When you copy the entries, match them exactly and omit the pictures.

(Records from a data source)
*** Begin section ***

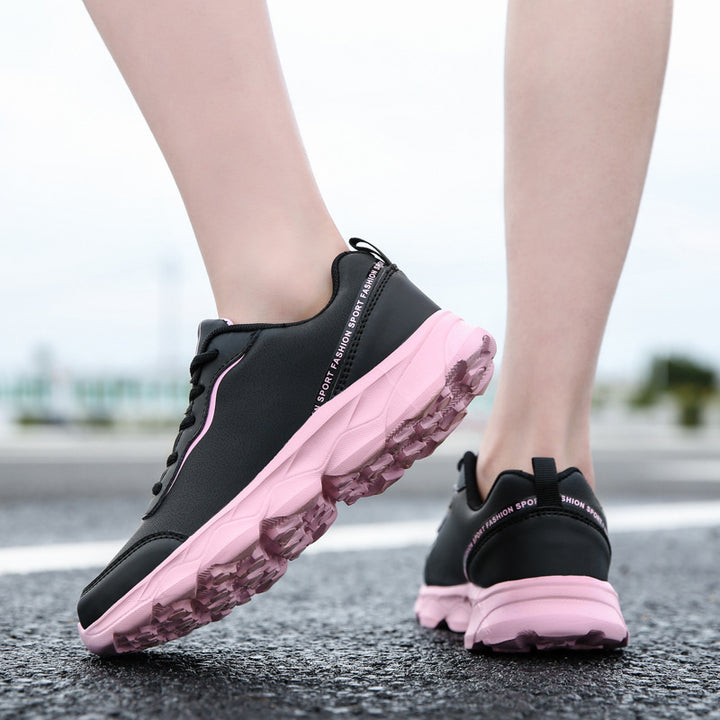 Damen nan urbaner Kunstleder-Sneaker mit gepolstertem Fersenkragen, stoßdämpfender Leichtsohle und Fersenlasche Drune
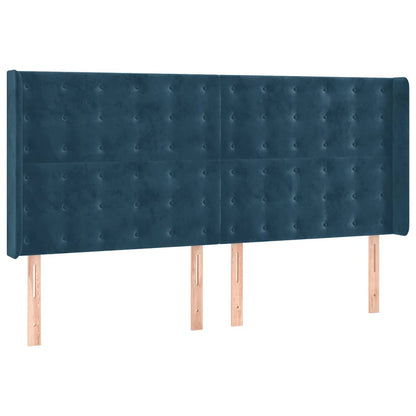 Giroletto a Molle con Materasso Blu Scuro 180x200 cm in Velluto | homemem39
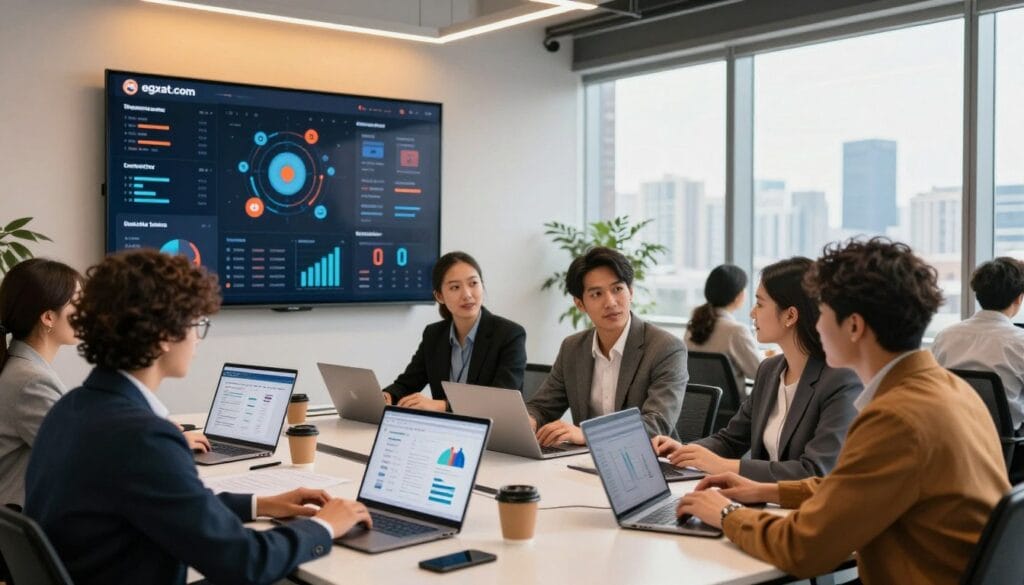 A vibrant workspace set in a modern office environment, showcasing the essence of e-commerce and digital marketing. In the foreground, a diverse group of professionals in smart business attire are engaged in discussion around a sleek table, with laptops open and digital marketing charts displayed on screens. The middle ground features a large interactive digital dashboard illustrating e-commerce statistics and trends, with icons representing online shopping, social media, and marketing strategies. In the background, a bright window reveals a city skyline, symbolizing growth and opportunity. The lighting is warm and inviting, with a focus on clarity and professionalism, suggesting a mood of innovation and collaboration. Prominently include the brand logo "egxat.com" as part of the office decor, seamlessly integrated into the workspace.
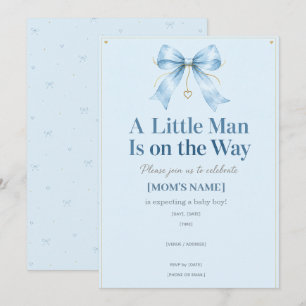 A Little Man Is on the Way Dusty Blue Bow Baby  Invitation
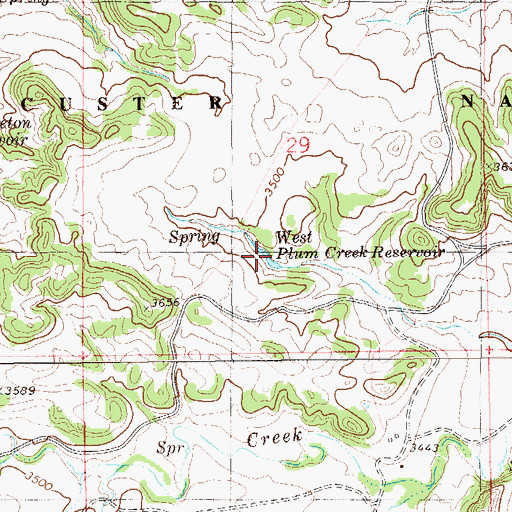 Topographic Map of West Plum Creek Reservoir, MT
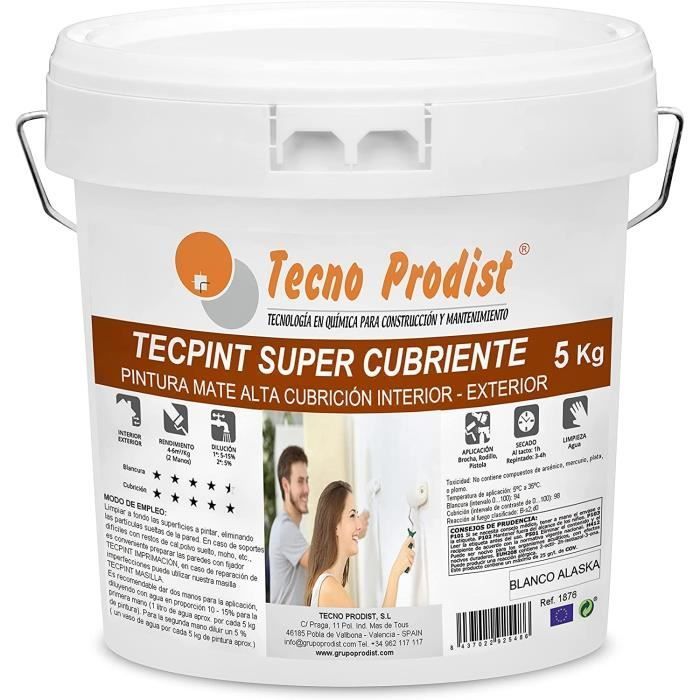 TECPINT SUPER CUBRIENT de Tecno Prodist - Peinture à base d'eau, extérieur et intérieur, couverture, lavable 5 Kg - Blanc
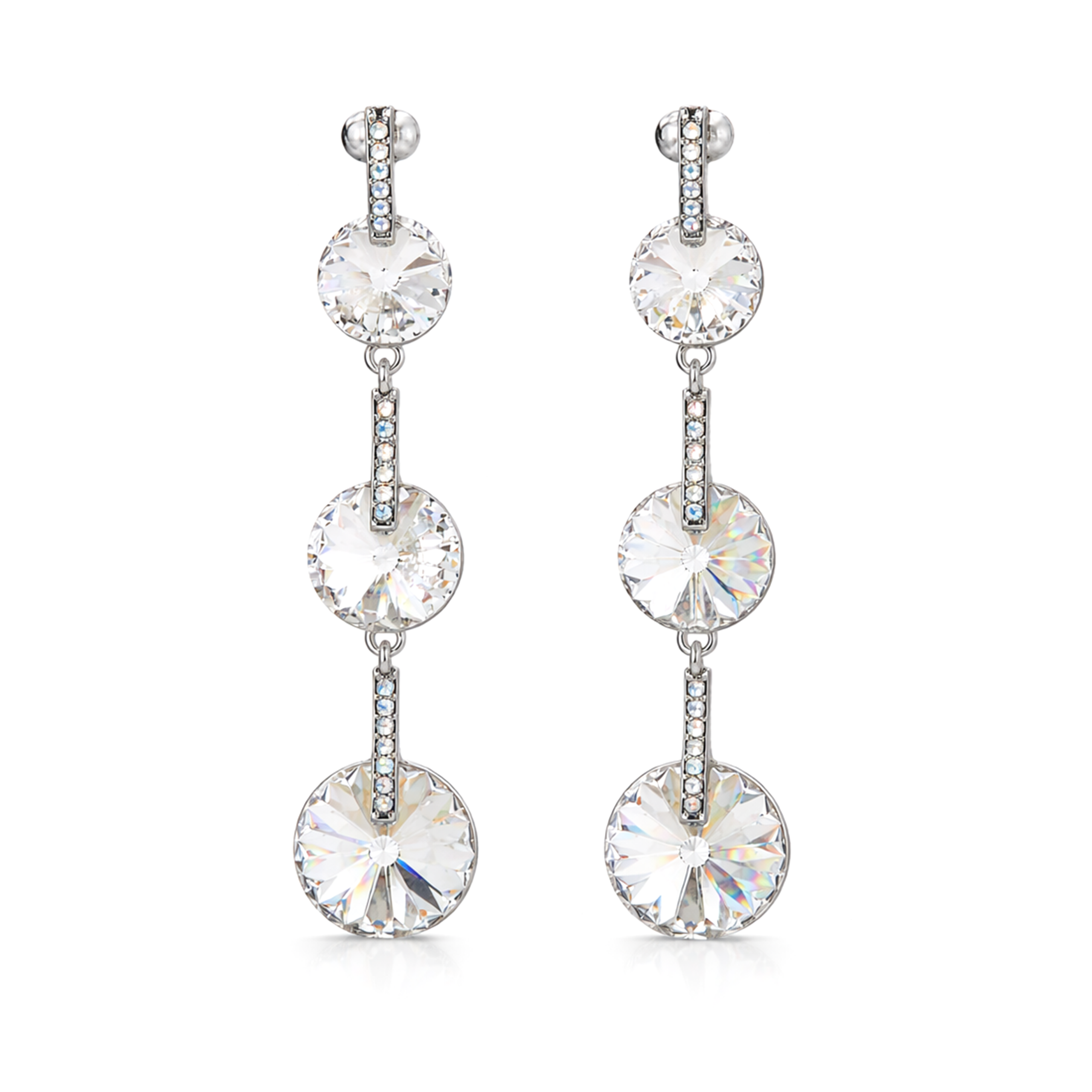 Clear Rivoli Triple Crystal Silver Drop Earrings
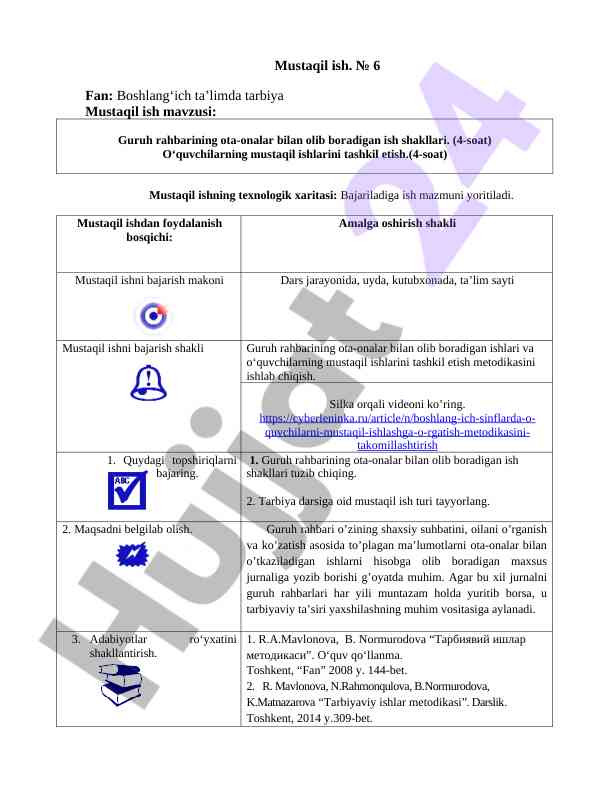 Mustaqil ishning texnologik xaritasini tahlil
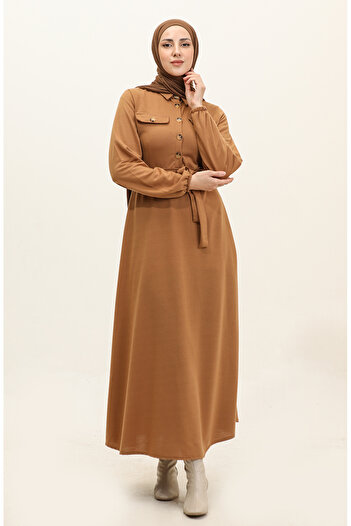 sefamerve Milk Coffee Cup Dress - Pocket Detailed, Model 0331-05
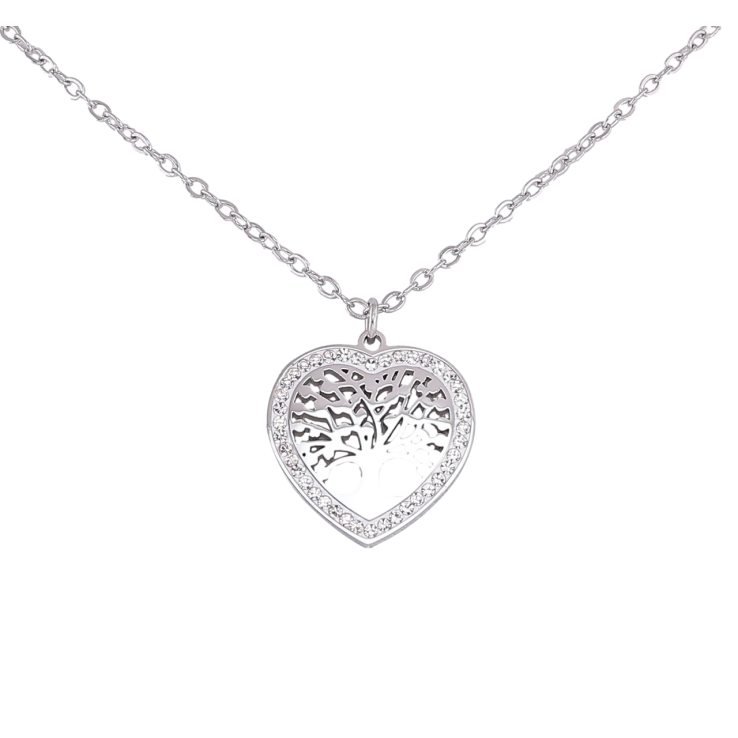 Підвіска на ланцюжку Xuping ТТМ Stainless Steel колір Родій «Древо життя в сердечку» довжина 45-50см х 1.5мм фото №24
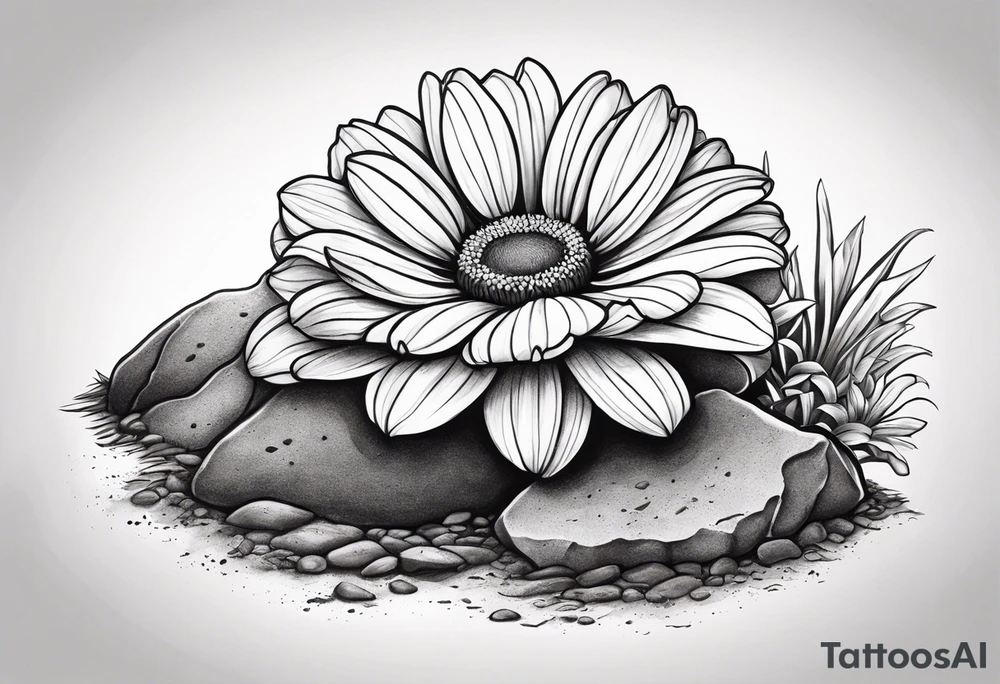 Create a tattoo of a flat topped granite rock with a base under the ground line that is pointed and deep, surrounded by freshly tilled and raked soil ready to be planted and under ground in front of the rock, a seed planted and pushing through the soil with a beautiful orange Gerber daisy tattoo idea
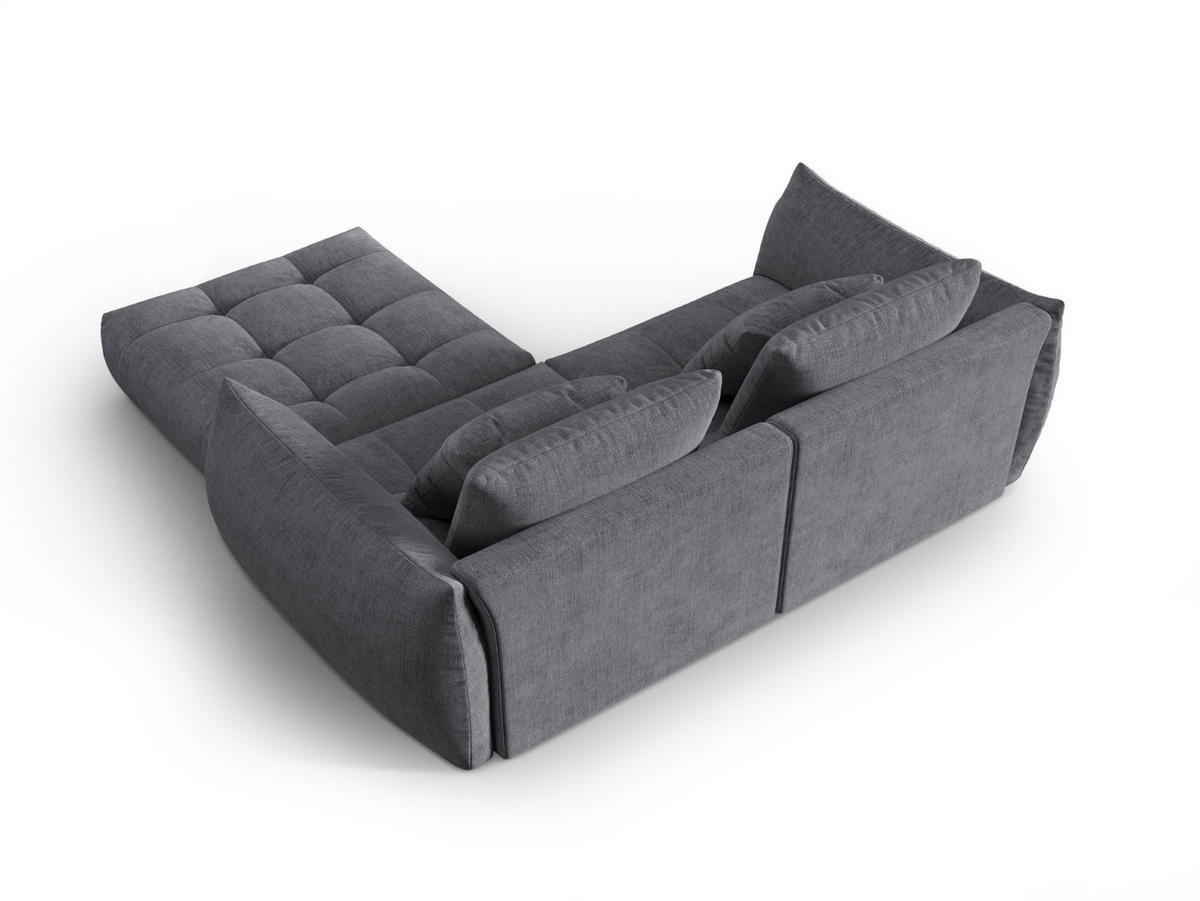 SOFA modular Bloom aus strukturiertem Stoff grau 3 Sitzplätze - Grau, Textil (216/232cm) - Micadoni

*** End section ***

> ANSWER FOR THE TASK
 Damen nan urbaner Kunstleder-Sneaker mit gepolstertem Fersenkragen, stoßdämpfender Leichtsohle und Fersenlasche Drune
 Giroletto a Molle con Materasso Blu Scuro 180x200 cm in Velluto | homemem39
 A vibrant workspace set in a modern office environment, showcasing the essence of e-commerce and digital marketing. In the foreground, a diverse group of professionals in smart business attire are engaged in discussion around a sleek table, with laptops open and digital marketing charts displayed on screens. The middle ground features a large interactive digital dashboard illustrating e-commerce statistics and trends, with icons representing online shopping, social media, and marketing strategies. In the background, a bright window reveals a city skyline, symbolizing growth and opportunity. The lighting is warm and inviting, with a focus on clarity and professionalism, suggesting a mood of innovation and collaboration. Prominently include the brand logo "egxat.com" as part of the office decor, seamlessly integrated into the workspace.
 A Little Man Is on the Way Dusty Blue Bow Baby  Invitation
 Topographic Map of West Plum Creek Reservoir, MT
 TECPINT SUPER CUBRIENT de Tecno Prodist - Peinture à base d'eau, extérieur et intérieur, couverture, lavable 5 Kg - Blanc
 Clear Rivoli Triple Crystal Silver Drop Earrings
 Mustaqil ishning texnologik xaritasini tahlil
 sefamerve Milk Coffee Cup Dress - Pocket Detailed, Model 0331-05
 Підвіска на ланцюжку Xuping ТТМ Stainless Steel колір Родій «Древо життя в сердечку» довжина 45-50см х 1.5мм фото №24
 Create a tattoo of a flat topped granite rock with a base under the ground line that is pointed and deep, surrounded by freshly tilled and raked soil ready to be planted and under ground in front of the rock, a seed planted and pushing through the soil with a beautiful orange Gerber daisy tattoo idea
 SOFA modular Bloom aus strukturiertem Stoff grau 3 Sitzplätze - Grau, Textil (216/232cm) - Micadoni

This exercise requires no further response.